Yield: stuffing for 20-22 lb turkey
- 1/2 -3/4 cups of loosely packed dried morel
- mushrooms, broken into 1/2 -inch pieces.
- 12 cups firm bread, cut into small cubes
- (white, whole wheat or a mixture.
- 1/2 cup to 1 c. water, chicken stock, or milk
- (plus a bit extra if needed)
- 1 1/2 lb.fresh chestnuts, roasted, peeled, and
- broken into chunks, about 2 1/2c prepared.
- 1/2 to 3/4 c butter
- 1 large onion, diced, about 2 c prepared.
- 3 large stalks celery, diced, about 2 c
- 1/4 c minced celery leaves
- 1/3 c minced parsley
- 2 tsp poultry seasoning more or less.
- salt & pepper to taste
- 2 eggs, lightly beaten
Instructions:Put the morels in a heat-proof bowl and pour
1 cup of boiling water over them.
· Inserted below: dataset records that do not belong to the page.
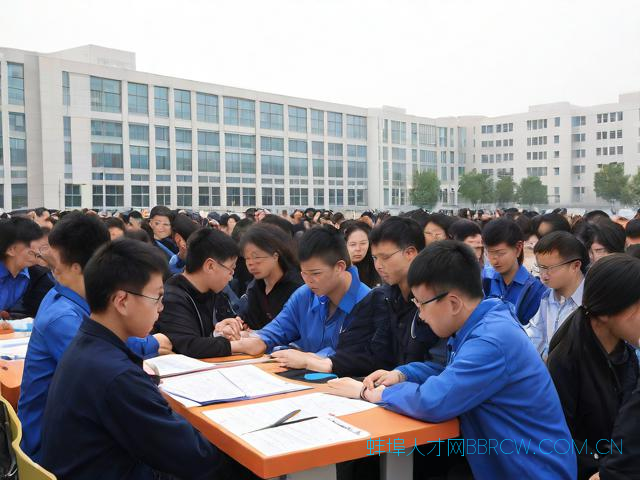 蚌埠市建造师,蚌埠市建造师考试时间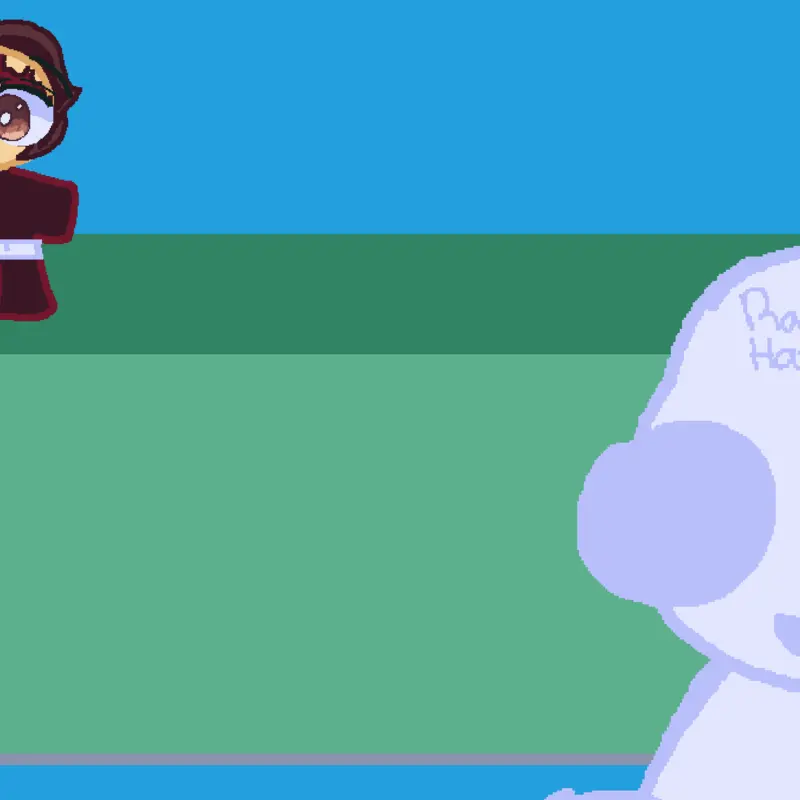 Game by @Demon_slayer_fan67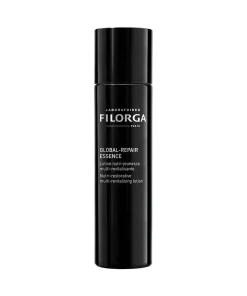 Filorga Global-Repair Essence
Cover and let sit 30 min or so.
Put the bread cubes in s big bowl. Remove the morels from the soaking liquid into a measuring cup and add them to the bread. Strain the soaking liquid into a measuring cup and add enough additional water, chicken stock, or milk to equal 1 1/4 cups. Pour the liquid over the bread, tossing gently so it is evenly distributed. Toss in the chestnuts and set aside.
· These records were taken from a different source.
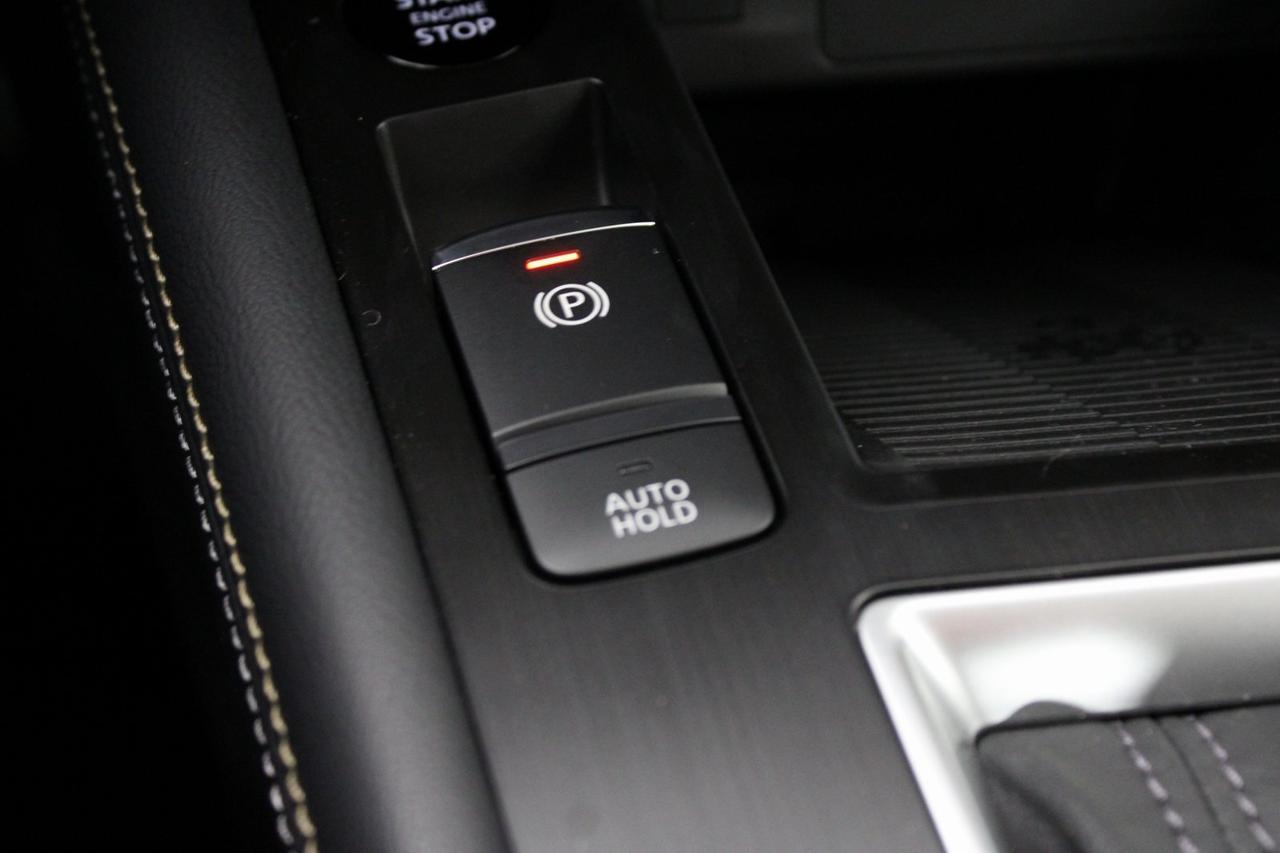 2025 Nissan Kicks SV Manassas VA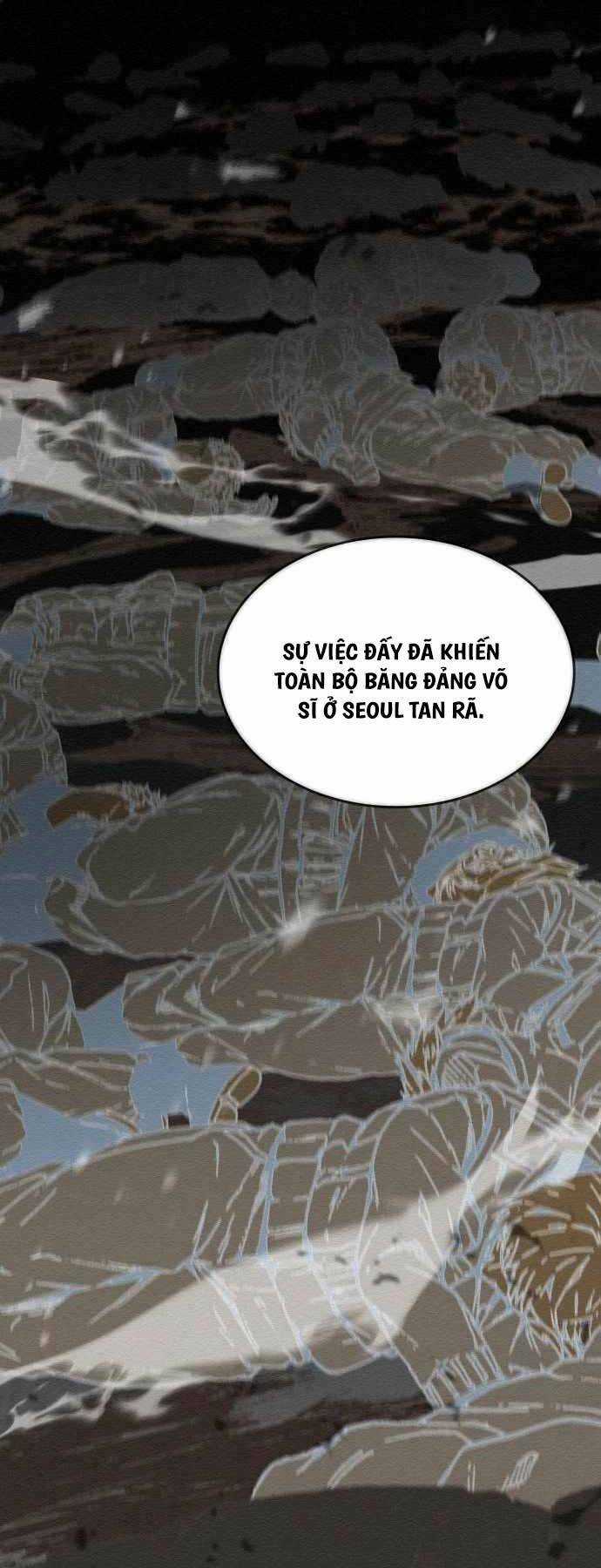 Phản Lão Hoàn Đồng Ở Thế Kỉ 21 Chapter 8 trang 57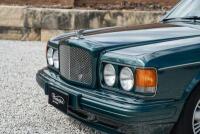 1999 Bentley Brooklands R LWB Sedan - NO RESERVE - 185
In a wide skillet, melt the butter over medium heat. Add the onion and cook, stirring occasionally, until it is translucent and limp, but not brown. Add the celery and cook until it is limp, about 10 minutes more. Stir in the celery leaves, parsley, and poultry seasoning, then pour the mixture over the prepared bread. Season lightly with salt and pepper, then again toss gently (stirring compacts stuffing) until all is thoroughly combined.
Taste for seasoning and texture. the uncooked stuffing should be a little drier than you want the finished product to be, but not much; add liquid if necessary. Stir in the eggs last, after you've done all the pre-roast tasting you plan to do.